Matthew does not hesitate to name the evil that is in the world. “Herod,” he says. Four times he says it in the short passage we read this morning. Herod. Herod. Herod. And, after Herod died, his son Archelaus took his place. He was no better than his father. Yet, says Matthew, as powerful as Herod seems, there is another player at work who is more powerful still.
Herod has all the resources of the Roman Empire at his disposal, but he cannot control the scholars from the East. They bring news from outside the system. This is news that should have been kept secret. It should have been classified as a danger to national security, but it was not long before all of Jerusalem was buzzing with it. Angels, messengers from God, are afoot, undermining Herod’s carefully cultivated control.
It is much like C.S. Lewis’ story, The Lion, the Witch and the Wardrobe. At the beginning of the story, Narnia is ruled by the white witch. She makes it always winter but never Christmas. If any creature steps out of line, she turns it to stone. Then, rumours begin: Aslan has arrived in Narnia. Nobody has actually seen Aslan yet. It is still very much winter and there is no sign of Christmas but the whispered rumours spark hope. They spark hope, at least, among the creatures who have not given up or given in to the white witch’s power.
Matthew writes to struggling churches and say, “Herod is powerful and dangerous, but he is not God.” At the edges of his power, a very different future is coming to birth. This future, God’s salvation, is being sheltered, protected, carried by angels who speak into people’s dreams. This future is being protected and carried by Joseph who is open to alternate voices. He pays attention to them and dares to follow where they lead.
It does not seem like much, does it? All the power of the empire is pitted against an old carpenter from a small town in Galilee. Yet, this is how our God works. God works on the margins, behind the scenes, among small gatherings of faithful folk who are willing to listen to the word from God and to follow it into a new and different future.
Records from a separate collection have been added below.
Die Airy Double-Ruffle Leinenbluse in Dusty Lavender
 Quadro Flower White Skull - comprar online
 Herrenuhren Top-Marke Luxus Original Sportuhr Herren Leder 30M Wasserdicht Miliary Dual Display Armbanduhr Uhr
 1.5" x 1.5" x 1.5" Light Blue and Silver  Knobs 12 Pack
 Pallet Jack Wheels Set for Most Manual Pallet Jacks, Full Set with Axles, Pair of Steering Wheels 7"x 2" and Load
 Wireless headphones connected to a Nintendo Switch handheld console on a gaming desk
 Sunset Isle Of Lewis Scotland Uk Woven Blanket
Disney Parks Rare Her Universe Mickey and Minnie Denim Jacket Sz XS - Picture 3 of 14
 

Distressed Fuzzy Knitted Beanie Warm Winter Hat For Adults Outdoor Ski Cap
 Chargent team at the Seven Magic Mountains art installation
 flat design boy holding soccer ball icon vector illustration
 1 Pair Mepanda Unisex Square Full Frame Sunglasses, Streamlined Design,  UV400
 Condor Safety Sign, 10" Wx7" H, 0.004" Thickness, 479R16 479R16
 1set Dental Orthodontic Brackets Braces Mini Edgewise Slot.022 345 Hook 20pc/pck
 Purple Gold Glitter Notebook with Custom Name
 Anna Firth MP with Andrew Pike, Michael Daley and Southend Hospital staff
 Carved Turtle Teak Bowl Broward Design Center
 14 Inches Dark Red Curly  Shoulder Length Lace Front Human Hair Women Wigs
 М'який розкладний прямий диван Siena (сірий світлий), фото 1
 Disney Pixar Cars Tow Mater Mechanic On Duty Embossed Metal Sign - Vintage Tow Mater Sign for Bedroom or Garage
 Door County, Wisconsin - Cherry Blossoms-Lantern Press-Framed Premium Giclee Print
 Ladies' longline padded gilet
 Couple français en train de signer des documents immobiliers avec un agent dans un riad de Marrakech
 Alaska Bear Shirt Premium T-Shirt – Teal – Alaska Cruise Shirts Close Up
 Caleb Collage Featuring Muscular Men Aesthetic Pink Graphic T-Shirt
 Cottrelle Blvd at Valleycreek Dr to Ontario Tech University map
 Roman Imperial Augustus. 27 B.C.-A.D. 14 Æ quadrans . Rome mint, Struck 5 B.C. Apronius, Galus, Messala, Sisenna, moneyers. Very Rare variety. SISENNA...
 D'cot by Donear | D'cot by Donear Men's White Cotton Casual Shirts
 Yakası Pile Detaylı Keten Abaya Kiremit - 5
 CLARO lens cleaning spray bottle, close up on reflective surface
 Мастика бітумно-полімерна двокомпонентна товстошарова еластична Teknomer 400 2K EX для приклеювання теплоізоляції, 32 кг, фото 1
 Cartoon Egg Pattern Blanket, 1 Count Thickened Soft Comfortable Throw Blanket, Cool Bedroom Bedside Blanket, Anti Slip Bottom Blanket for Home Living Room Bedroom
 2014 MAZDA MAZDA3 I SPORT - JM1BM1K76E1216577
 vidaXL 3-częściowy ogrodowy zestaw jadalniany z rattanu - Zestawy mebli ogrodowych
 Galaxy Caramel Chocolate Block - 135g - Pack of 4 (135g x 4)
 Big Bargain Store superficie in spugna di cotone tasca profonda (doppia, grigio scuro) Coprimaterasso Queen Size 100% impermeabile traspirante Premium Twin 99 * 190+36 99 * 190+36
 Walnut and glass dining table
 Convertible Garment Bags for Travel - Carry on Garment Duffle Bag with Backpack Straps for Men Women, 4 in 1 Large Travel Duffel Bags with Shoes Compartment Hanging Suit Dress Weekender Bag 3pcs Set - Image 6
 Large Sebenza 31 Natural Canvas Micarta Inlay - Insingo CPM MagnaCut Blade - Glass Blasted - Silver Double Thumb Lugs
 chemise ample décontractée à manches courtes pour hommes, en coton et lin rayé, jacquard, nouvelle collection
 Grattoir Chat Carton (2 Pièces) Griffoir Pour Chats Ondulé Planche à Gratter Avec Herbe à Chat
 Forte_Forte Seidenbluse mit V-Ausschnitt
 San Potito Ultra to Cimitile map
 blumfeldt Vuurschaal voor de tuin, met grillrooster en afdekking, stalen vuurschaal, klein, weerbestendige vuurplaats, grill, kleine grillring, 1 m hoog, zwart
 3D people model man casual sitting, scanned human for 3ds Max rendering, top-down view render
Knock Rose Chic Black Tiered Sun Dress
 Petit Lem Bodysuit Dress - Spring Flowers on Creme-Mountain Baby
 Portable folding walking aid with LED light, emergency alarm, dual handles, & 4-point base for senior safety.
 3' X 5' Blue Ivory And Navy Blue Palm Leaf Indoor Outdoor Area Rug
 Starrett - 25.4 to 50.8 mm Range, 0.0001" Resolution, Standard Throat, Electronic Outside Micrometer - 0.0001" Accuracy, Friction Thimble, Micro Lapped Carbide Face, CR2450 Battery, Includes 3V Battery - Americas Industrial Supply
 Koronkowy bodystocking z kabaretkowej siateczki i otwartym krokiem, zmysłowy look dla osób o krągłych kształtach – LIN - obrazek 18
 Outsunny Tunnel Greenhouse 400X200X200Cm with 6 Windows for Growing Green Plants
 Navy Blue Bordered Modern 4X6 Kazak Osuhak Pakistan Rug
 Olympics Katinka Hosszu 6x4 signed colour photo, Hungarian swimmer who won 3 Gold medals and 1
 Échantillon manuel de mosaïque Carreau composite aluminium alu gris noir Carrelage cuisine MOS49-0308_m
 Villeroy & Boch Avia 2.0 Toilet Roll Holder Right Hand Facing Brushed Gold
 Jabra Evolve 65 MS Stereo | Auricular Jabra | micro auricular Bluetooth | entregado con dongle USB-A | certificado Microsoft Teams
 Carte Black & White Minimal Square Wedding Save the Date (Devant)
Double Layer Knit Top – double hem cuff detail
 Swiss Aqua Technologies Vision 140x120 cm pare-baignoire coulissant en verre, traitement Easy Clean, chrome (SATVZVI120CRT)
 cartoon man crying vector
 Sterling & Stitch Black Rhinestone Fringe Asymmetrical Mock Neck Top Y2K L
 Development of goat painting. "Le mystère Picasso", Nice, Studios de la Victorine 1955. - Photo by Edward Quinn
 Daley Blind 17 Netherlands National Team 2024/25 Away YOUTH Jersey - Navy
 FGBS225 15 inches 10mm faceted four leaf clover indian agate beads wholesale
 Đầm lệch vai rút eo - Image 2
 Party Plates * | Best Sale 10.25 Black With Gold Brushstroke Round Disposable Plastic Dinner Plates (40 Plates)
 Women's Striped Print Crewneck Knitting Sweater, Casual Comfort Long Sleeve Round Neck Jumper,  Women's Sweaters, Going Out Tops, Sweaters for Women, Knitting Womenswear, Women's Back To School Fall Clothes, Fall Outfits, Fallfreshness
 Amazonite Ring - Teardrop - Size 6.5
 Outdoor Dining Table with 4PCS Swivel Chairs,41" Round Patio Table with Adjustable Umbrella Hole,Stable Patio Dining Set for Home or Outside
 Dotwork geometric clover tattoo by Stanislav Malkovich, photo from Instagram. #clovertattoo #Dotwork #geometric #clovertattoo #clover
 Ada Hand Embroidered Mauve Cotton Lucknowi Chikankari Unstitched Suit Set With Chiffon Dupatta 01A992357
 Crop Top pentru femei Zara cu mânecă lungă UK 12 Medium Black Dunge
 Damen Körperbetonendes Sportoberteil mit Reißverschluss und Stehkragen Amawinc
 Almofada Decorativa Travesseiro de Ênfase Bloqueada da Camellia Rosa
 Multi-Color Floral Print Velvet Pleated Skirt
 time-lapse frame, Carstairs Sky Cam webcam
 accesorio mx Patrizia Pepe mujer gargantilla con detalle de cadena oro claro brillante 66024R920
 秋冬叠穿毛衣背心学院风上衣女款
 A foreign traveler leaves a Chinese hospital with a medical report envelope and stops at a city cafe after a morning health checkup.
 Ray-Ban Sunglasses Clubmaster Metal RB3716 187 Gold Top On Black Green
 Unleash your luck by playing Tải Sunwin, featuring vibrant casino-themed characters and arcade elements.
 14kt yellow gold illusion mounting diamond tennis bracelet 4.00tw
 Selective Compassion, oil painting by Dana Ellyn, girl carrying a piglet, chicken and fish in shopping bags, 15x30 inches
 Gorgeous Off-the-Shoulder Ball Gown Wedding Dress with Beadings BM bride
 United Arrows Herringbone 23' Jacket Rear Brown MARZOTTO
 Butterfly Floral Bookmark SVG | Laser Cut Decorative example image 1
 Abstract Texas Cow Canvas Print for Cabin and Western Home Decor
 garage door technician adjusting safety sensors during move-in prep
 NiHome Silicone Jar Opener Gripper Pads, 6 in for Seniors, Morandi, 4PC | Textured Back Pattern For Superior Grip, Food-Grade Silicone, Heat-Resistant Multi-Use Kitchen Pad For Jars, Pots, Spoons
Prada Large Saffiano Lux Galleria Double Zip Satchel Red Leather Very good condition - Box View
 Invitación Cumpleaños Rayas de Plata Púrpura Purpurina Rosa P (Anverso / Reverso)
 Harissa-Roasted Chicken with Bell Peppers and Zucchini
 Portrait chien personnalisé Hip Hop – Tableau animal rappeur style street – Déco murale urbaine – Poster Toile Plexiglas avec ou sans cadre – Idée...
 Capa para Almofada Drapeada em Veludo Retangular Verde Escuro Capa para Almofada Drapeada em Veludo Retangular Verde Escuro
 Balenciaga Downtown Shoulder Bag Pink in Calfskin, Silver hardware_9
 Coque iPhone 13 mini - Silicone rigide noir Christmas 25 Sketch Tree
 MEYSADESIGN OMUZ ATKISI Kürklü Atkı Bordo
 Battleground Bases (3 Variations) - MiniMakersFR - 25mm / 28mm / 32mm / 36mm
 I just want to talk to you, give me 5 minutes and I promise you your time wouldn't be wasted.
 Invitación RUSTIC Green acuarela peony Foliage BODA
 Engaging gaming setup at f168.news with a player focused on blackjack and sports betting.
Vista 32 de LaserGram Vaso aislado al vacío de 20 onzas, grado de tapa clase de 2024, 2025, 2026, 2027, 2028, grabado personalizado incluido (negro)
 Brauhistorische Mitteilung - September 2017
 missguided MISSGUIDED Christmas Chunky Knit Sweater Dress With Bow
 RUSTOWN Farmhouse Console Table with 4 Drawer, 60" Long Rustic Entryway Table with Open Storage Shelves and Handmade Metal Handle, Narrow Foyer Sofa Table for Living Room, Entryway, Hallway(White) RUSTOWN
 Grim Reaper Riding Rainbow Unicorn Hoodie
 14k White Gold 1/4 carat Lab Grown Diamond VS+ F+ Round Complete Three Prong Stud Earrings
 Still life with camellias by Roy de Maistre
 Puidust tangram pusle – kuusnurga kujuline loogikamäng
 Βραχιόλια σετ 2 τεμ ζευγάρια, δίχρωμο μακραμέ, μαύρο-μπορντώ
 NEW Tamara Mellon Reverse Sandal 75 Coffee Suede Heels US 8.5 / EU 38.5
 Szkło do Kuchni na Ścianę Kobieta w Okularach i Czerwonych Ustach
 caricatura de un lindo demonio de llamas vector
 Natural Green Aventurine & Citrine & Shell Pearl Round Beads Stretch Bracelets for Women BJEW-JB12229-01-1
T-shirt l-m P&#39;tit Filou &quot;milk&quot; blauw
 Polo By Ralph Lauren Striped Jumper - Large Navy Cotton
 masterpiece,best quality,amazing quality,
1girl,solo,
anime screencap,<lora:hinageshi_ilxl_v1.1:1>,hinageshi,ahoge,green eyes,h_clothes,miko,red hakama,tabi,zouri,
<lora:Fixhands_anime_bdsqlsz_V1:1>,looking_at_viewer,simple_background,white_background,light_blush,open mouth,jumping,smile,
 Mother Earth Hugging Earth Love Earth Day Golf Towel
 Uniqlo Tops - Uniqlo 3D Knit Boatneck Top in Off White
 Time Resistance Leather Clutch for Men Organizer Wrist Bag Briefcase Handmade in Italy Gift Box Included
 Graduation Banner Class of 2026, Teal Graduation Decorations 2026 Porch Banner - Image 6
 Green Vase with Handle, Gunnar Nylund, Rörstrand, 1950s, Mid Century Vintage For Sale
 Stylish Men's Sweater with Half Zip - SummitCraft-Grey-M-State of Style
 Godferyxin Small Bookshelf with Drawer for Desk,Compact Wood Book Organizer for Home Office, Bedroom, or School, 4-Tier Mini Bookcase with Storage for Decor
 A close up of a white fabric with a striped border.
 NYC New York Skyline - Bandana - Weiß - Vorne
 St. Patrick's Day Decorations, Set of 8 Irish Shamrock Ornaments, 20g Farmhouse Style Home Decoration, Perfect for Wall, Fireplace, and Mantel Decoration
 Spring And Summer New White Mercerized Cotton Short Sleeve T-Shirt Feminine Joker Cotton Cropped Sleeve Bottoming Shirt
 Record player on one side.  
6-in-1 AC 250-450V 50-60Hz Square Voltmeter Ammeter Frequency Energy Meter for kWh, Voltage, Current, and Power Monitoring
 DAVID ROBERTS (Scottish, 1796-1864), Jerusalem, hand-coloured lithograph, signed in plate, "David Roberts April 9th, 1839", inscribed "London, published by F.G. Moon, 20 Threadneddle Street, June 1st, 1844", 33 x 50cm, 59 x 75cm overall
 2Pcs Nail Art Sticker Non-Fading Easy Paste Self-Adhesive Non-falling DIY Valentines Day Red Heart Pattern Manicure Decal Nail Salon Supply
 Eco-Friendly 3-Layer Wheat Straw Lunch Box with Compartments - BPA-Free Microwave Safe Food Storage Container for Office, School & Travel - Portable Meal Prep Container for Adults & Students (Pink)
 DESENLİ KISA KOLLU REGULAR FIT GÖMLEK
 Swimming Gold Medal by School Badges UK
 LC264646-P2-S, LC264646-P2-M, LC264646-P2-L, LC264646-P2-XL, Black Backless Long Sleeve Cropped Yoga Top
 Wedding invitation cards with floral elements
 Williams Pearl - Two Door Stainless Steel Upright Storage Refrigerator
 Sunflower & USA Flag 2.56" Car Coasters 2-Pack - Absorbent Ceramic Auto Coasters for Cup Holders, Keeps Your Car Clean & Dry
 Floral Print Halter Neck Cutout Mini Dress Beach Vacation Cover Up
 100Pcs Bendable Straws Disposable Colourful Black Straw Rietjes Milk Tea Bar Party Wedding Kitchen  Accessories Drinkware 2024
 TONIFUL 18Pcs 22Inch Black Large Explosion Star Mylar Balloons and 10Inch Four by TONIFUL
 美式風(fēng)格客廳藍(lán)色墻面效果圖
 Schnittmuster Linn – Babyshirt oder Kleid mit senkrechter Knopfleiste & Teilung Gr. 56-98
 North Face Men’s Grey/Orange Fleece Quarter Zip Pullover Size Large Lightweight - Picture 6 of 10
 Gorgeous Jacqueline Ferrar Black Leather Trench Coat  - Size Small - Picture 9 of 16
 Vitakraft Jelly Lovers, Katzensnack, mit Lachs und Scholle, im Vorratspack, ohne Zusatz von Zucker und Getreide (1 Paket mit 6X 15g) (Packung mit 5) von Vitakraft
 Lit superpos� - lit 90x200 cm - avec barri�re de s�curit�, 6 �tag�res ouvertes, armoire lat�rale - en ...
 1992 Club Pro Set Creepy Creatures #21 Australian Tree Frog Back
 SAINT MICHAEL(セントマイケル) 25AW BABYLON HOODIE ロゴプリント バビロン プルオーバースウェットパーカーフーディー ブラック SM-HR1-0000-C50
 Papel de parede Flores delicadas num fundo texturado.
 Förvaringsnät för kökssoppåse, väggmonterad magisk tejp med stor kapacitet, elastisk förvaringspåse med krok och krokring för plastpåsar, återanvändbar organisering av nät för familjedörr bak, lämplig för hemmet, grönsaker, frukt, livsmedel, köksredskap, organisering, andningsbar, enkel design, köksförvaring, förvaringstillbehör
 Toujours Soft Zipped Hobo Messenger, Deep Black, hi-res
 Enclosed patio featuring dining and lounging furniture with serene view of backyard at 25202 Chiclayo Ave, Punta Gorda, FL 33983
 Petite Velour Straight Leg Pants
We do not know much about Joseph. The few times we do encounter him in Matthew, he has a dream in which a messenger from God sends his life in a very different direction from what he had planned. He follows the word, even when it seems crazy to do so. By doing that, he ends up carrying the salvation of the world in the midst of powerful forces that try to destroy it.
There was a time within the memory of most of us here when, to be a Christian, was to have special access in the corridors of power of the nation. To be a Christian was to have a predominant say in shaping the values of the culture. That is not the case anymore. We now carry the gospel in the midst of powerful forces that threaten it.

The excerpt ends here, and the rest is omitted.